:: Exercise goal ::
Without any pictures, reproduce exactly the lines running from the line containing "دریای آبی هواپیماهای KLM در فرودگاه آمستردام" through the end of the entries.

*** Opening Study material ***

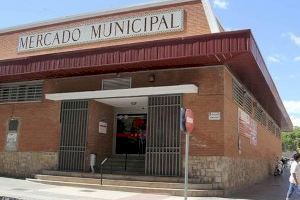 El PSPV-PSOE de Onda propone al equipo de gobierno la instalación de taquillas en la zona exterior del mercado municipal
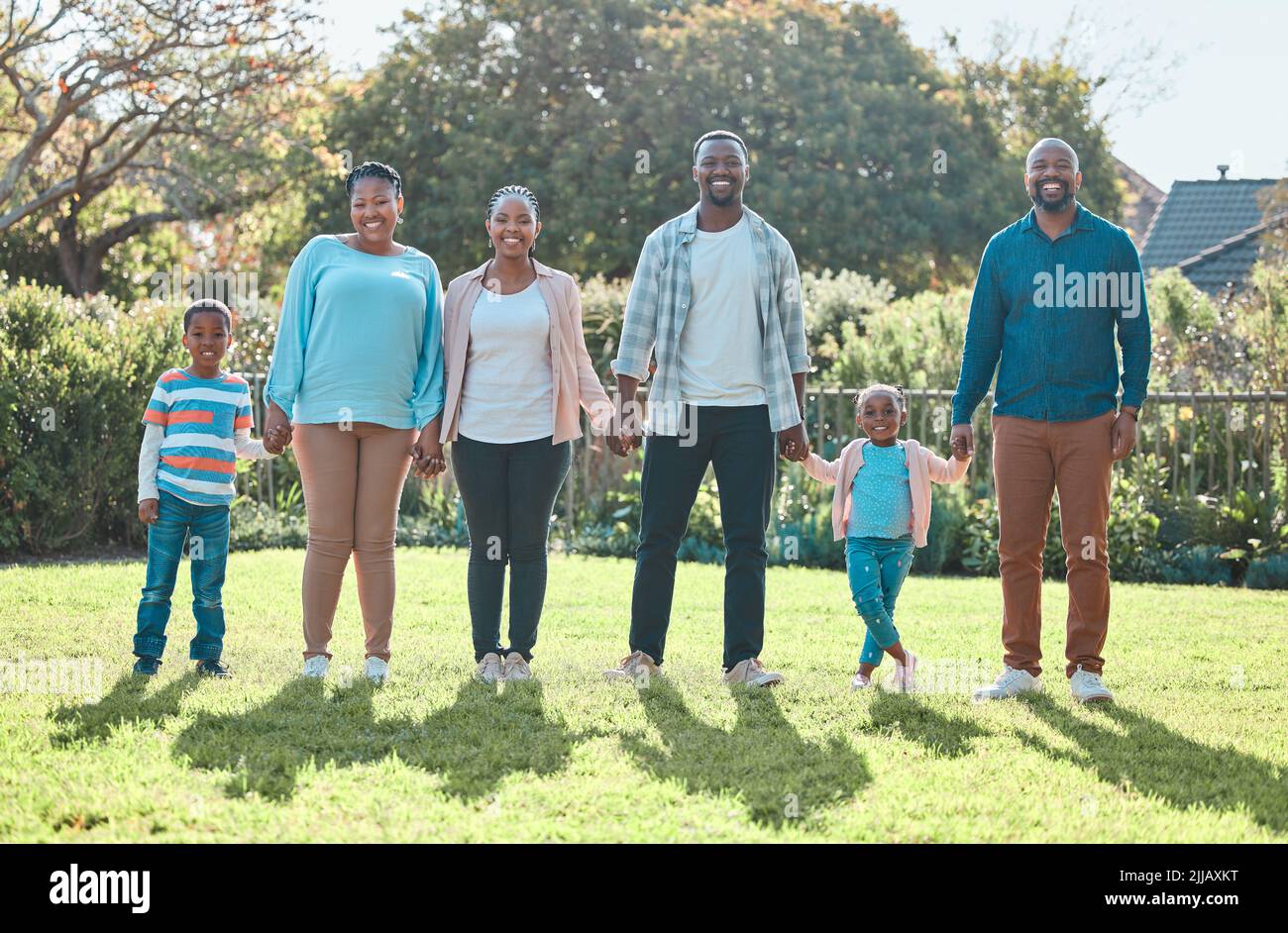 La famiglia è come i bottoni su un vestito, tengono tutto insieme, una famiglia multigenerazionale che sta insieme fuori. Foto Stock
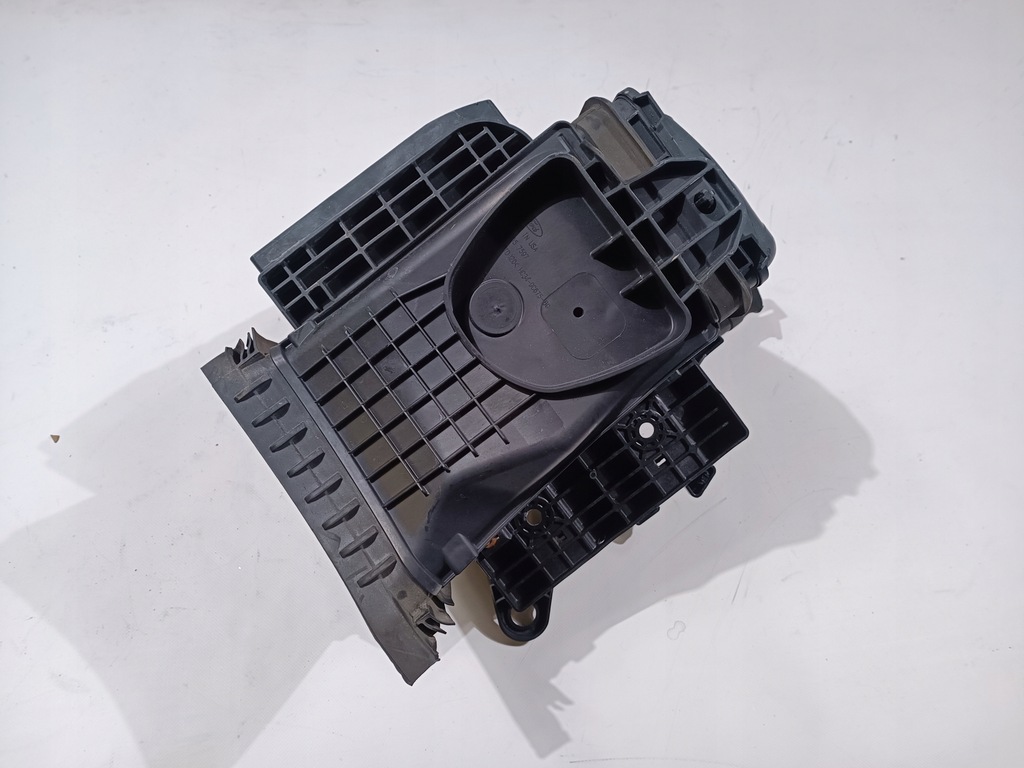 фото №8, Основание кронштейн аккумулятор впуск воздуха ford f350 6.7 2017-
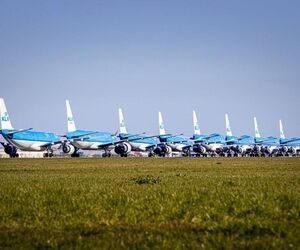 دریای آبی هواپیماهای KLM در فرودگاه آمستردام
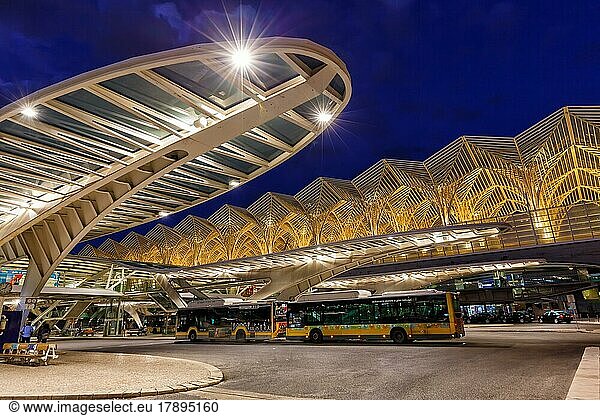 Busbahnhof am Bahnhof Lissabon Lisboa Oriente moderne Eisenbahn Bahn Architektur bei Nacht in Lissabon  Portugal  Europa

*** Closing Study material ***

:: Completed task ::
 دریای آبی هواپیماهای KLM در فرودگاه آمستردام
 Busbahnhof am Bahnhof Lissabon Lisboa Oriente moderne Eisenbahn Bahn Architektur bei Nacht in Lissabon  Portugal  Europa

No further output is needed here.